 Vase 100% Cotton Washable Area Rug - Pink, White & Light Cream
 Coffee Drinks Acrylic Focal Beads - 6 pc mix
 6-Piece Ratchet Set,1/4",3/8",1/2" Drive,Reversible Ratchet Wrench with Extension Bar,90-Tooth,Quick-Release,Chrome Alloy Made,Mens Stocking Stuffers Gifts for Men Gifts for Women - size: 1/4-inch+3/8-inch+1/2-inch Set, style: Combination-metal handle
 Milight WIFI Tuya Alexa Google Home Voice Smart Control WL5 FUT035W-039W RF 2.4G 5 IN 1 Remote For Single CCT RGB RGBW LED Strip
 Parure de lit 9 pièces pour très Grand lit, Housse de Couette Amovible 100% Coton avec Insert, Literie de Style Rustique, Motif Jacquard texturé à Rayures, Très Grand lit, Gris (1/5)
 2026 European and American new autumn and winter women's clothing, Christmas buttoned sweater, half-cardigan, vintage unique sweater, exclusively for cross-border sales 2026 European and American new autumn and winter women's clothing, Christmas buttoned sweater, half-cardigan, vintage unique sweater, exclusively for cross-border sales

**Problem statement**
Each line from the one containing "Parure de lit" through the end of the material must be output exactly, and no other line.

**Answer section**
 Parure de lit 9 pièces pour très Grand lit, Housse de Couette Amovible 100% Coton avec Insert, Literie de Style Rustique, Motif Jacquard texturé à Rayures, Très Grand lit, Gris (1/5)
 2026 European and American new autumn and winter women's clothing, Christmas buttoned sweater, half-cardigan, vintage unique sweater, exclusively for cross-border sales 2026 European and American new autumn and winter women's clothing, Christmas buttoned sweater, half-cardigan, vintage unique sweater, exclusively for cross-border sales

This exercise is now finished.